While most of Samra’s expenses appear to be for legitimate government business (first class air travel to Paris and Switzerland notwithstanding), his subordinates treated their government-issued credit cards as free cash. Here are selected items from a spreadsheet, obtained under FOIA, that summarize expense reports submitted by Facilities Division executives during 2006-2010. (The expenses were primarily attributed to “meetings and conferences”):

-Eileen Vaughn works at L’Enfant Plaza as an Industry Engagement Specialist, salaried at $85,900. She (and, hopefully, her coworkers) ate up $810 at Au Bon Pain Café over three days. Then she (and they?) enjoyed a $1,055 meal at an exclusive restaurant, Legal Seafoods. She charged $412 for a lunch at Mary’s Café. And two days later, $1,249 at Famous Dave’s, a barbecue joint.

-Vaughn went on to charge $548 to Simple Truths LLC, an online purveyor of inspirational books and gifts, followed by $67 at Toys R Us for “supplies.”

-Hungry again, it was back to Famous Dave’s for barbecue worth $1,249, followed a few weeks later by another chow down at Dave’s for $1,386.

-A five-star restaurant in Atlanta, Georgia, called Proof of the Pudding catered a $2,656 meal, which Vaughn charged to the public.

-Lori A. Zarcone whipped out her Postal Service charge card at Paradise Ice Cream ($400), Circuit City ($266), Marriot Detroit Pontiac hotel ($2,040), and the ever popular, Famous Dave’s ($1,429).

-Marva Stewart likes the Hampton Inn Sugarloaf ($1,706), Adams Mark Hotels ($3,356), and Bear Rock Café ($388).

-Rose Latourne bought a stay at Marriot Hotels Gwinnett for $3,622.

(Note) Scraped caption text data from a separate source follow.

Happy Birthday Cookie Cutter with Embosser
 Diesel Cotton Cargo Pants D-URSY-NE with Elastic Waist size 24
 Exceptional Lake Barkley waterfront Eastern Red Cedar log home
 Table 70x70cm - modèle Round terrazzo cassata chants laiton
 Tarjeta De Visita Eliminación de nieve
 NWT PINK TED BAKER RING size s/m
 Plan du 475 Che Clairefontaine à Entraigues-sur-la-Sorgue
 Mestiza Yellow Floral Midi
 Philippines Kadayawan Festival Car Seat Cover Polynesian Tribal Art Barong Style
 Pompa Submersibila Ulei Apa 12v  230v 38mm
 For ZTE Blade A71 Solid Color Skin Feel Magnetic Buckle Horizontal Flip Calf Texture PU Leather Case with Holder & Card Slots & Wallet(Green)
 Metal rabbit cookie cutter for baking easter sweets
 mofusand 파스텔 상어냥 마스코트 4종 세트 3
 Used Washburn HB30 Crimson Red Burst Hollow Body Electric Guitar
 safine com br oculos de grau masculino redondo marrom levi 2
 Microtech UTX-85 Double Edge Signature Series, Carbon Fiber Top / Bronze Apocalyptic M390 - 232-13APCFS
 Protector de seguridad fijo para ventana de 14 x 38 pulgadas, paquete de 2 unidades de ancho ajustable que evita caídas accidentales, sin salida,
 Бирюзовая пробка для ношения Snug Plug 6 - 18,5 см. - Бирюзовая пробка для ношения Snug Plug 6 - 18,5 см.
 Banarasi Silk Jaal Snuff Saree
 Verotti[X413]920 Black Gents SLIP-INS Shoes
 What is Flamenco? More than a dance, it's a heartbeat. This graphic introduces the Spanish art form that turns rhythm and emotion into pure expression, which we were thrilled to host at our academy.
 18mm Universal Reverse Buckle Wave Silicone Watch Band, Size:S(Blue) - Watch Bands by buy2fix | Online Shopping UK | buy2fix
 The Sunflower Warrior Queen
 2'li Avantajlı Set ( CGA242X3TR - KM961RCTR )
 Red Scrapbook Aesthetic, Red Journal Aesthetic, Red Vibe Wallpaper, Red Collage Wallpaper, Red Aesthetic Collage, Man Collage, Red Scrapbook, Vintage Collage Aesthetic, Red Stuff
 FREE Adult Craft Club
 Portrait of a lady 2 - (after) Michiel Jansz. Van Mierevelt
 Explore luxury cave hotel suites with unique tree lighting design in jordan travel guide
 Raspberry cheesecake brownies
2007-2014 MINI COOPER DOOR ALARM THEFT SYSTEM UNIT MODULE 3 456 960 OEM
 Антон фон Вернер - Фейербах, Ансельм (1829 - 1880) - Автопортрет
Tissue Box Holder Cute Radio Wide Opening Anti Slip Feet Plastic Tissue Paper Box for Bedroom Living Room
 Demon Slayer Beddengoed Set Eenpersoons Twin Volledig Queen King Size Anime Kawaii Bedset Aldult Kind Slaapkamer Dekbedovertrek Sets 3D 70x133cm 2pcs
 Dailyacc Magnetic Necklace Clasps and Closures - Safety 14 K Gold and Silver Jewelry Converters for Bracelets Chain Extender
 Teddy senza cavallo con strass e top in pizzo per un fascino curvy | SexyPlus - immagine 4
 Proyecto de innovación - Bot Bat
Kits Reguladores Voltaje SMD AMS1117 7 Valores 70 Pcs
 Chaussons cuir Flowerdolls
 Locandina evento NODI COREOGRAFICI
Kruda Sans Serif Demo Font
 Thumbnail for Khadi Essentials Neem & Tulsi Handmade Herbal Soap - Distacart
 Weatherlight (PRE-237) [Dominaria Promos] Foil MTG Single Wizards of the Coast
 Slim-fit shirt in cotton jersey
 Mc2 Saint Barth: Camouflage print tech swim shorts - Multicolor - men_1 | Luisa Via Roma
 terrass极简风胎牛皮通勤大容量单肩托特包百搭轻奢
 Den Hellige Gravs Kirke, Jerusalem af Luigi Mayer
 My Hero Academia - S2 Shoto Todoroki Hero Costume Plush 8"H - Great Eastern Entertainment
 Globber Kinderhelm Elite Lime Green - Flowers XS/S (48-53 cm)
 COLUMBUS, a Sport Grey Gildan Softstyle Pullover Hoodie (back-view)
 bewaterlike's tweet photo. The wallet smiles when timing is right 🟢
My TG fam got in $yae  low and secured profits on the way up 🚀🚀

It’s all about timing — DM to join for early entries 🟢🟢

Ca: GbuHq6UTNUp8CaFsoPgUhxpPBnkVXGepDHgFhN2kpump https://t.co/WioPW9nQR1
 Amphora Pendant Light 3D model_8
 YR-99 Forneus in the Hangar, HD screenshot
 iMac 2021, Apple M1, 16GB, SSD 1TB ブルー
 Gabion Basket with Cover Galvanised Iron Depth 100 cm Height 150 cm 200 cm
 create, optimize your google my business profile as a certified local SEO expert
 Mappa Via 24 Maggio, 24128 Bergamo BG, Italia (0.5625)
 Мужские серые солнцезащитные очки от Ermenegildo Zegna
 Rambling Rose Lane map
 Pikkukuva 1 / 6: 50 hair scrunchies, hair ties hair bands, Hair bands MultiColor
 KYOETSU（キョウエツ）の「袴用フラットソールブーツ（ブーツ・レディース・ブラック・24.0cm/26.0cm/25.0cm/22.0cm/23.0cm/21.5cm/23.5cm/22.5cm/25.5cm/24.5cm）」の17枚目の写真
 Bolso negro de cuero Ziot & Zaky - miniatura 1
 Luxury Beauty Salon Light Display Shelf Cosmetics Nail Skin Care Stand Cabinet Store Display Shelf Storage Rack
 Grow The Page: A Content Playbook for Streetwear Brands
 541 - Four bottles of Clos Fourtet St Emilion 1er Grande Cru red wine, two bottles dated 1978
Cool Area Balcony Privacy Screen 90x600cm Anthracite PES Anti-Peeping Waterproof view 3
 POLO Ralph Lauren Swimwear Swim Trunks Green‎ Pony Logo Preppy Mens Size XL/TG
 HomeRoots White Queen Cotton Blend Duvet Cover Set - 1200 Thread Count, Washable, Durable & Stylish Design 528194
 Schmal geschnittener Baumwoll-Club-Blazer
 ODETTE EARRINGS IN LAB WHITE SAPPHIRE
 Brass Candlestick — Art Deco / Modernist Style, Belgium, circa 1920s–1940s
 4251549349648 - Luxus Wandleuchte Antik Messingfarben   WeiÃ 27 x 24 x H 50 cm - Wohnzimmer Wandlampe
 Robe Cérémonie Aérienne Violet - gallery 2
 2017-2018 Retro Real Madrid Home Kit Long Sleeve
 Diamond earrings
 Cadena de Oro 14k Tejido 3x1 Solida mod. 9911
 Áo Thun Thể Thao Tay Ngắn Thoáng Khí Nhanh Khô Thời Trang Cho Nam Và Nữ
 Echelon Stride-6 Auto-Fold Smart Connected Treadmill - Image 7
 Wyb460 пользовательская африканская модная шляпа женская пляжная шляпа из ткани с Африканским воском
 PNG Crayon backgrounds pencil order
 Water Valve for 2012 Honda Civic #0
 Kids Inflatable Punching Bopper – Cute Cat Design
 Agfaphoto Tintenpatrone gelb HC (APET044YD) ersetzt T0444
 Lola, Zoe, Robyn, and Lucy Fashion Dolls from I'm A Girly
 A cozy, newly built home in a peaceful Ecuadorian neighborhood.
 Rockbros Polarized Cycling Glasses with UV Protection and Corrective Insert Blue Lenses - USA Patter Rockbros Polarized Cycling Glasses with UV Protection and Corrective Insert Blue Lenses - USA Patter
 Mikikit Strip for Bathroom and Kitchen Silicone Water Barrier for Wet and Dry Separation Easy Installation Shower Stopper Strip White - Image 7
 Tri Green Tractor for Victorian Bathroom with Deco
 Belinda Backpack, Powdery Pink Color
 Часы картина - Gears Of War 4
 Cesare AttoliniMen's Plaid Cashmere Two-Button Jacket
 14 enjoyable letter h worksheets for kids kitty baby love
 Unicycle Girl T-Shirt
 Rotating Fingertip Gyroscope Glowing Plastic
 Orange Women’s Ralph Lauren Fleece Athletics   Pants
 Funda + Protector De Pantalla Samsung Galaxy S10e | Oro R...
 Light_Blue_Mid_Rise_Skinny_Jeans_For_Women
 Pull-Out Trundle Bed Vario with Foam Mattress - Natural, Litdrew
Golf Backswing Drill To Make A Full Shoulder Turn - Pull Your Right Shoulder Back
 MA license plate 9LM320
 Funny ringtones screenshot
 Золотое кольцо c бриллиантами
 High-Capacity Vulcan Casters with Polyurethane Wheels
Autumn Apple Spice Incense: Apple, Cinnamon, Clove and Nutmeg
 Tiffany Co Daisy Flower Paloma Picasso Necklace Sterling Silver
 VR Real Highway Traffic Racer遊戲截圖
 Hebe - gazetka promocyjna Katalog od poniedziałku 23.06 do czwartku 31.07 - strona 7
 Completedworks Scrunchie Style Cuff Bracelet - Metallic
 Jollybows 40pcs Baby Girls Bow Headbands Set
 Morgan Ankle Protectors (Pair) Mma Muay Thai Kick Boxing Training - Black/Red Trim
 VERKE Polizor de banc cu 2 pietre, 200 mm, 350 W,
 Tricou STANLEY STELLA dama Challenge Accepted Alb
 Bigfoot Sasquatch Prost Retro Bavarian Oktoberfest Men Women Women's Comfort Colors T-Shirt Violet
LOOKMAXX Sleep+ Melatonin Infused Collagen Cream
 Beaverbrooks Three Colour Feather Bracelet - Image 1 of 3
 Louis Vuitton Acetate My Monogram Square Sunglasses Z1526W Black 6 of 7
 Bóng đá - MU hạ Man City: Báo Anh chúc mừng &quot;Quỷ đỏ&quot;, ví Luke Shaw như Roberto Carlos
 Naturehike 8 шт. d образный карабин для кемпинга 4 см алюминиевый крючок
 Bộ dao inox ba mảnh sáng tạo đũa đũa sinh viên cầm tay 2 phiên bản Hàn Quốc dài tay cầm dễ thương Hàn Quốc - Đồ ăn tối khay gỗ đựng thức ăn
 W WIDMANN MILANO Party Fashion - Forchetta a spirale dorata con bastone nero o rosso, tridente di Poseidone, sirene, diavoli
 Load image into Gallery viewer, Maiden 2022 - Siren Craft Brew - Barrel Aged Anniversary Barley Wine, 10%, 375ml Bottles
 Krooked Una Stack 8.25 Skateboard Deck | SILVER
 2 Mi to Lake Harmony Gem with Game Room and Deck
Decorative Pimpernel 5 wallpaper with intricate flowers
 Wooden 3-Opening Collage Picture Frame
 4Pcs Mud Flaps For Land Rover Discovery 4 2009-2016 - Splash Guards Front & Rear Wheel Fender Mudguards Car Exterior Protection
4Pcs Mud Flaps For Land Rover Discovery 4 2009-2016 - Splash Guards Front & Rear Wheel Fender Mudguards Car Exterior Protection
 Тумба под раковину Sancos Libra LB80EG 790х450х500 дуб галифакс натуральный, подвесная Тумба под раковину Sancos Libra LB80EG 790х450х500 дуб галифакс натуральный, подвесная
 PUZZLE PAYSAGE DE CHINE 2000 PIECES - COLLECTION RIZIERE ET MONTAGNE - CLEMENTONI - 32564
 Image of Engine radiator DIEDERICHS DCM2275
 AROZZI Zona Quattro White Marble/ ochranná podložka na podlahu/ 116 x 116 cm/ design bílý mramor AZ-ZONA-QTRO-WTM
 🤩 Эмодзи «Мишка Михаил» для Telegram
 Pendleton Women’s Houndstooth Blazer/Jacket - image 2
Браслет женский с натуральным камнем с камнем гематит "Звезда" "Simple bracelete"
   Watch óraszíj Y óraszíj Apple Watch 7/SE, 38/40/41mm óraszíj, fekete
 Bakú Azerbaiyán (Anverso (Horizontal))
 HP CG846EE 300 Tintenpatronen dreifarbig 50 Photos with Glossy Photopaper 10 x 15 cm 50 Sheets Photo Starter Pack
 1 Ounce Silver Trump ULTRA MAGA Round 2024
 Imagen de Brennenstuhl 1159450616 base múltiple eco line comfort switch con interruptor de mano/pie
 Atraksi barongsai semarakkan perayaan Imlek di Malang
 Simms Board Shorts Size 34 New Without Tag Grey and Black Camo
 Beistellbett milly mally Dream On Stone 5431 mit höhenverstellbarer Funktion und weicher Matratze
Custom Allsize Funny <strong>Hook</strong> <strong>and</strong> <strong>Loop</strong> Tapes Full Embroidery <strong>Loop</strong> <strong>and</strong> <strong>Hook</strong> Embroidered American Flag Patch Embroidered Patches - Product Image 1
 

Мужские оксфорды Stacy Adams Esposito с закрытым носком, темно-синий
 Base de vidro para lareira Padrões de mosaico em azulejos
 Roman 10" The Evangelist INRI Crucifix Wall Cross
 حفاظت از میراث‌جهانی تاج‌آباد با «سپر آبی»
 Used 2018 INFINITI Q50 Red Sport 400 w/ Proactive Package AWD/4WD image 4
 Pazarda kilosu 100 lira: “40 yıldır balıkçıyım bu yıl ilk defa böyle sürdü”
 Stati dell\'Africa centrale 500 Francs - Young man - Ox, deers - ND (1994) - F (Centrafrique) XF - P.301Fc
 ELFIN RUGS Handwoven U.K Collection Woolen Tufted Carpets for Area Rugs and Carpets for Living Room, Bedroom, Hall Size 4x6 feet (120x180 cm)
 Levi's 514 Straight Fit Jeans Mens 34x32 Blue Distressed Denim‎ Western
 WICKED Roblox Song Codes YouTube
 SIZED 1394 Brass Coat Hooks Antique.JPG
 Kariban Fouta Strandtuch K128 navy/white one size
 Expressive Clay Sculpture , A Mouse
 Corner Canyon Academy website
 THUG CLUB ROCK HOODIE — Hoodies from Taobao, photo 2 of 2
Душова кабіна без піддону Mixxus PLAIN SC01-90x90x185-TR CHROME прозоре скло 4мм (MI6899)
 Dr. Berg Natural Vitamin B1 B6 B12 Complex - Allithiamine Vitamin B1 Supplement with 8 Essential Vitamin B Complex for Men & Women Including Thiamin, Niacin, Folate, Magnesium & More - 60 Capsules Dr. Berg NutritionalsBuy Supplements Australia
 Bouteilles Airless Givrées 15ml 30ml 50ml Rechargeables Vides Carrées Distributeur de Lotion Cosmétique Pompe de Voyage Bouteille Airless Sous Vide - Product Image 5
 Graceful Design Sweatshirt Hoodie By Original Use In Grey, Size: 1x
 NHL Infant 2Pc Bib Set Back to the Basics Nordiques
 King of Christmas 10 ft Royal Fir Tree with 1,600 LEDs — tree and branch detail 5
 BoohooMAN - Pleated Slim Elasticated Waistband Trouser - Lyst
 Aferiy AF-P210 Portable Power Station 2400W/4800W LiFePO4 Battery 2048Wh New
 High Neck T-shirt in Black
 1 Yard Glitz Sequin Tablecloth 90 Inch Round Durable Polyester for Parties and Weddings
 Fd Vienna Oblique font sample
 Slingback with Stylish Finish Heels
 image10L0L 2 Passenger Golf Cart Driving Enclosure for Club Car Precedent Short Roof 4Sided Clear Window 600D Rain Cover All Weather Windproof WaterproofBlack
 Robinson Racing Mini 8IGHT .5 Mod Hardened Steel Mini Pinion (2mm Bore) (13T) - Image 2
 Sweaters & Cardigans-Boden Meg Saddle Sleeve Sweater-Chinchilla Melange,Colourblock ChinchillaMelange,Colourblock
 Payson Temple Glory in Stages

-Angie Mitchell likes Honeybaked Ham ($216) and Bistro Boudin ($721).

-And the Golden Fleece Award for the New Millennium goes to Mitchell for charging the public $4,066 for “supplies” at


The culture of credit card abuse has long infected the top floors at L’Enfant Plaza. In February, 2011, the inspector general reported that within a two-year period, fully one-third of Postal Service executives with high-limit credit cards had “misused their government travel card by purchasing personal items and taking cash advances unrelated to official travel.”

Many executives submitted duplicate claims for travel reimbursement, including one reimbursement of $10,114 for a flight that was never taken. And most remarkably, “three employees purchased airfare tickets, including tickets to Spain and Italy, for friends and family. One employee purchased an Apple computer and paid his mortgage. One employee used his government issued travel card more than 50 times at adult entertainment establishments.” The agency also failed to cancel government credit cards worth $37 million that had been issued to thousands of former and deceased employees.

No indictments resulted from this audit. But a reasonable person must ask: If L’Enfant Plaza executives help themselves so casually to public money for expensive dinners, gift certificates, pornography, computers, and home mortgages, how responsible are they likely to be when overseeing real estate and consulting contracts? This investigation shows that the conflicts of interest and related problems with the CBRE contract could only have occurred with the full knowledge and complicity of top leadership at the Postal Service. Postal Service spokesman David Partenheimer, declined to comment on these expenses. Samra did not return repeated telephone calls and emails requesting comment.